UK’s Corbyn, whose party engaged in antisemitic discrimination, campaigns for Mamdani

Former head of British Labour Party tells NYC mayoral candidate's supporters that he will be a voice for Palestinians 'while the terrible genocide goes on in Gaza'

Jeremy Corbyn, center, holds a banner as he takes part in the 'No More Austerity 2.0' march in central London on June 7, 2025, hosted by The People's Assembly Against Austerity. (HENRY NICHOLLS / AFP)

NEW YORK — The former head of the UK Labour Party, Jeremy Corbyn, highlighted New York City mayoral candidate Zohran Mamdani’s anti-Israel position in an address to Mamdani’s supporters on Sunday.

Corbyn and Mamdani are both known for their far-left anti-Israel activism.

Corbyn dragged the Labour Party through a series of antisemitism scandals, and faced allegations of antisemitism himself, before a decisive general election defeat in 2019 and his resignation as party leader in April 2020. In October 2020, Labour under Corbyn’s leadership was found guilty by Britain’s anti-racism watchdog of antisemitic discrimination.

New York Jewish leaders have said Mamdani has also crossed the line into antisemitism, and his expected victory in Tuesday’s election has alarmed swaths of the Jewish community in New York.

Corbyn gave a speech to Mamdani volunteers during a Zoom meeting, saying that Mamdani will be “a voice for peace, a voice for justice around the world, and a voice that will ensure that the world doesn’t pass by on the other side while the terrible genocide goes on in Gaza.”

Corbyn said that the UK has had 32 “national demonstrations” since October 2023, and that he had spoken at “every single one of them.”

“What I’ve said is that we’ll be there for as long as it takes to bring about justice for the Palestinian people,” he said.

“There’s so much that we can work together on and I admire the DSA and what it does,” Corbyn said, referring to the far-left Democratic Socialists of America, which hosted him.

New York City mayoral candidate Zohran Mamdani attends a campaign event on November 1, 2025, in the Brooklyn borough of New York City. (Stephanie Keith/Getty Images/AFP)

Organizers said more than 100 people were on the call. Mamdani is a longtime Democratic Socialists of America member, who is running for mayor as the Democratic party’s nominee.

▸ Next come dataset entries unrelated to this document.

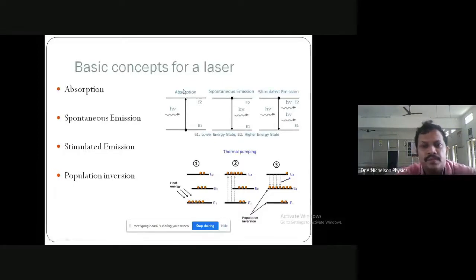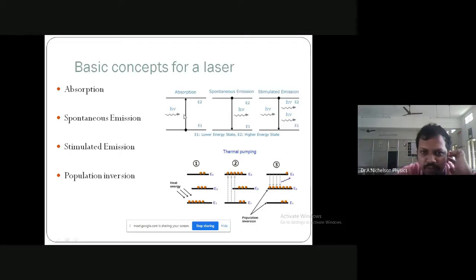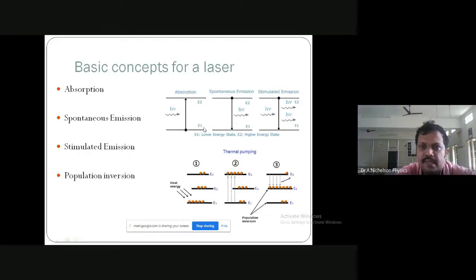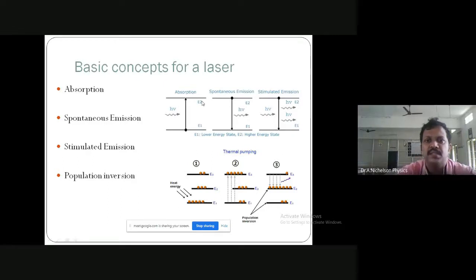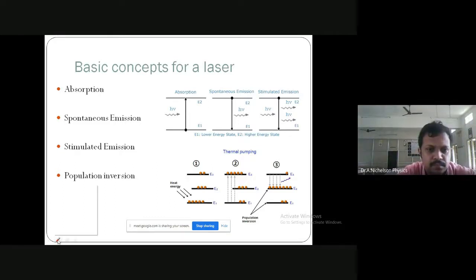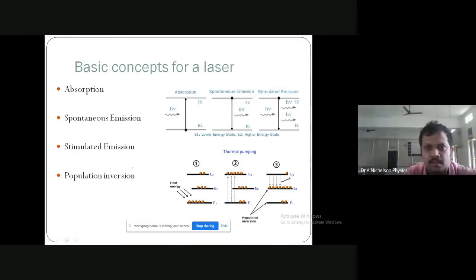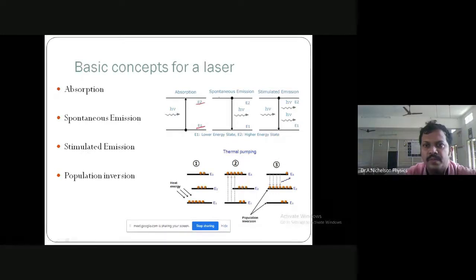The second process is spontaneous emission. In reality, millions of atoms move towards the higher energy level by absorbing photons. After reaching the higher energy level E2 from the lower energy state E1, among these atoms some have less lifetime and some have high lifetime.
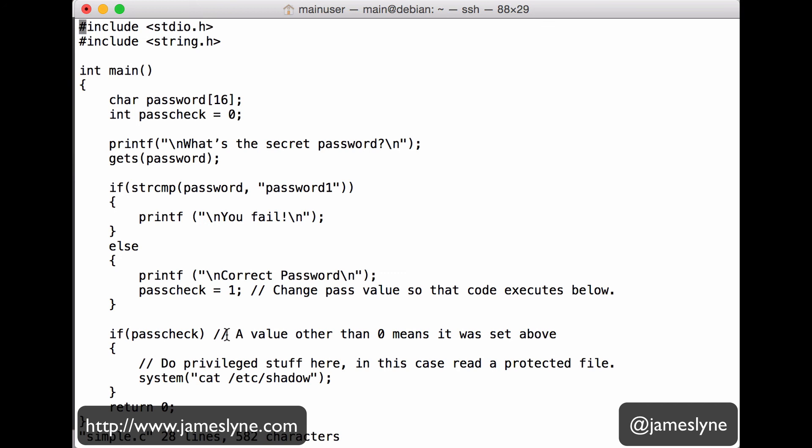Now, this is a really simple example of a buffer overflow. Often, you're going to require much more precise control of memory to actually make a condition like this do anything useful. But it illustrates the point that failing to do bounds checking, making sure that you're not overwriting things you shouldn't, can be extremely beneficial to attackers. And that's why it's really important that developers pay attention to bounds checking and, of course, make sure they avoid older, deprecated, and less secure functions.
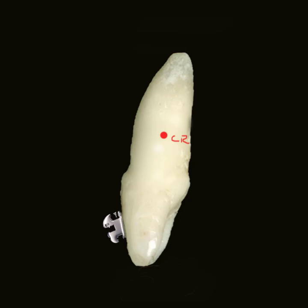Someone asked me about the moment-to-force ratio and what it means in orthodontics. This is a quick video to try to explain.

Introducing Corbyn, DSA organizers did not mention Corbyn’s antisemitism scandals, only that he had “stepped down” after Labour’s loss in 2019 and had been “barred from standing as a Labour candidate.”

The advertisement for the event that the New York DSA sent to its members said the advertisement had been paid for by Mamdani’s campaign.

After Corbyn’s speech, DSA organizers instructed volunteers on the call about how to phone bank for Mamdani’s campaign. The general election is on Tuesday.

Corbyn’s speech also applauded Mamdani’s policy proposals, including for subsidized child care, housing and transportation. Critics have called the policies unrealistic.

“I’m very excited by Zohran’s campaign, by his ideas, and to help him on the campaign,” Corbyn said. “There’s an awful lot of us around the world looking on in admiration.”

Mamdani did not appear on the call.

A reporter from The Forward, a Jewish news outlet in New York, said he had been removed from the call. Last week, a reporter for a Jewish outlet in Portland, Oregon, said he had been booted from a virtual event hosted by the local DSA chapter. A reporter from the conservative City Journal said he had been blocked from a Mamdani rally last week.

Former New York governor Andrew Cuomo, a pro-Israel centrist who is Mamdani’s leading challenger in the mayoral race, condemned the event with Corbyn.

“Having Jeremy Corbyn — someone whose party was found to have committed unlawful acts of discrimination against Jewish people under his leadership — phone-banking for [Mamdani] says everything you need to know,” Cuomo said on X.

Jonathan Greenblatt, the head of the ADL, shared a flier for the event and said, “You. Can’t. Make. It. Up.”

Since leaving the Labour party, Corbyn has remained a member of the UK parliament, serving as an independent. He launched a new anti-Israel party earlier this year.

A landmark October 2020 report by the UK’s Equality and Human Rights Commission ruled that Labour under Corbyn had broken the law in its “inexcusable” handling of complaints about antisemitism.

The period saw Jewish members and lawmakers leave the party in droves as criticism of Israel and Zionism veered into toxic antisemitism from Corbyn supporters.

The party suspended Corbyn in 2020 after he claimed opponents had “dramatically overstated” the scale of antisemitism in Labour for “political reasons.” He had represented Labour in parliament since 1983.